Wednesday, March 6, 2013

It's Either Laugh or Cry


I was skimming the back of The Christian Century, a magazine read by a lot of pastors, and saw an advertisement from a church that was looking for a new Senior Pastor.  I always read the “Positions Open Section” since I failed to respond to an ad that wanted to pay its next pastor a lot of money to do ¾ time work in a church that had a view of the Green Mountains of Vermont.  Don’t get me wrong, I love St.

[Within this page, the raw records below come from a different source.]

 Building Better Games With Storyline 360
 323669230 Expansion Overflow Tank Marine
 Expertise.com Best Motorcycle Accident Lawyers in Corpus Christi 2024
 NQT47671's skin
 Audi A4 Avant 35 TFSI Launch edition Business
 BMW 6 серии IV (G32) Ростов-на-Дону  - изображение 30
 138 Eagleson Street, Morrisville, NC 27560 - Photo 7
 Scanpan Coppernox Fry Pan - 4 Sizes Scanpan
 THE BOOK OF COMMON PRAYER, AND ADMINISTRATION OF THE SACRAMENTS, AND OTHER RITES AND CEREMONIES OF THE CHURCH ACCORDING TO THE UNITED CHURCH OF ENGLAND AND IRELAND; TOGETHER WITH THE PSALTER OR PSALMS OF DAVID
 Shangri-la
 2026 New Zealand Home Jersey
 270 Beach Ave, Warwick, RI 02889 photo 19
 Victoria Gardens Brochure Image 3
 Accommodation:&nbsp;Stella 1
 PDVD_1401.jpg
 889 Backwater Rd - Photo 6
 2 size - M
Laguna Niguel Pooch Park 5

Andrew, but we’re talking the Green Mountains of Vermont! 
         As I am reading the ad I’m being prideful, going through their list of desired attributes of a new Senior Pastor, thinking to myself:  got this, got that, do ok with this other, and so on.  And then it came to the point where the church said they were looking for a “dynamic, upcoming pastor.”  I couldn’t help but chuckle when I realized I am no longer an up-and-coming pastor.  I’ve done up and come.  I am about as good as I’m ever going to get.  I suppose I am  in that sweet spot where sufficient energy is balanced by wisdom borne of experience.  I was just a little melancholy because the pastor search committee of this church was really saying that they were looking for someone younger than me.
         I’ll never forget listening to a pastor describe himself as middle-aged only to be interrupted by his wife who whispered something in his ear.  And he mournfully shook his head, admitting that his recent 57th birthday meant that he was middle aged only if he managed to live to the very ripe old age of 114. 
You’ve got to laugh, I guess, or you’re going to cry.  Life is full of those humbling moments.  Sometimes we turn around and realize that we aren’t as young as we used to be.  Sometimes we get told through the promotion of a colleague that we aren’t the golden girl or golden boy around the office any longer.  And other times we loudly and confidently proclaim that the newest Die Hard movie is the fifth in the franchise only to have someone pull out their smart phone and make us look foolish by proving that it’s only number four.  Sometimes circumstances say No to us when we were clearly expecting an enthusiastic Yes instead.  And we’re left with a choice between loud lamentations or laughter.
Humility is an important virtue if you want to walk in the footsteps of Jesus.  Being humble doesn’t mean thinking less of yourself than who you are.  Humility doesn’t require running around comparing yourself in unflattering ways to the people near you.  Humility means basing your self-image on how God sees you—it means seeing yourself truthfully and honestly on the one hand, but also understanding that you are loved and valued because you are first and foremost a child of Almighty God.  True humility comes when we are secure in our self-identity.  I might look like a genius in one moment, but I know myself well enough to enjoy the accolades of that moment, because in a few more moments I’m going to look like a complete idiot.  Humility is knowing that I am both and neither.  I am a work in progress:  a pilgrim on a life-long journey of learning and growing, falling and failing, and moving forward in my desire to become like Jesus.
We were cleaning out junk from the basement six or seven years ago and we came upon a series of articles I wrote for my High School paper.  I had a weekly humor column among other things.  The boys sat down and read through a couple of them and then turned to me and said, “You know Dad, you could have been somebody.”  Wow!  Talk about a back handed compliment.  My response was to laugh long and hard.  They was saying, “If you’d stayed writing—being a columnist—you might be famous and successful as a journalist.”  He wasn’t really saying “Being a pastor in the church of Jesus Christ for the last 20 plus years is a real waste of talent.”  But I could have taken it that way.  Lucky for me I have a slightly higher opinion of full-time ministry.  And since God called me into pastoral ministry—who or what I might have if I had taken a different path is moot anyway.
Lent is a season in the Christian calendar when we take a long, humbling journey with our Lord and Master.  He who was equal with God, emptied himself and became one of us—more than that, as one of us, he became a servant.  The King of Kings was crowned with thorns; the Prince of Peace was violently tortured and killed.  Jesus would not have been able to face any of that if he didn’t have great confidence in his mission and purpose, knowing who he was called to be and who he was in the eyes of God.
My prayer for you is that you take a moment or two when those humbling moments come along and choose laughter over tears.  We are who we are by the grace of God, and the God who created us, who has gone to such great lengths to redeem us, is the God who will provide for us everything we need to be the women and men he wants and needs us to be.  And humility is as good a place to start that journey as any.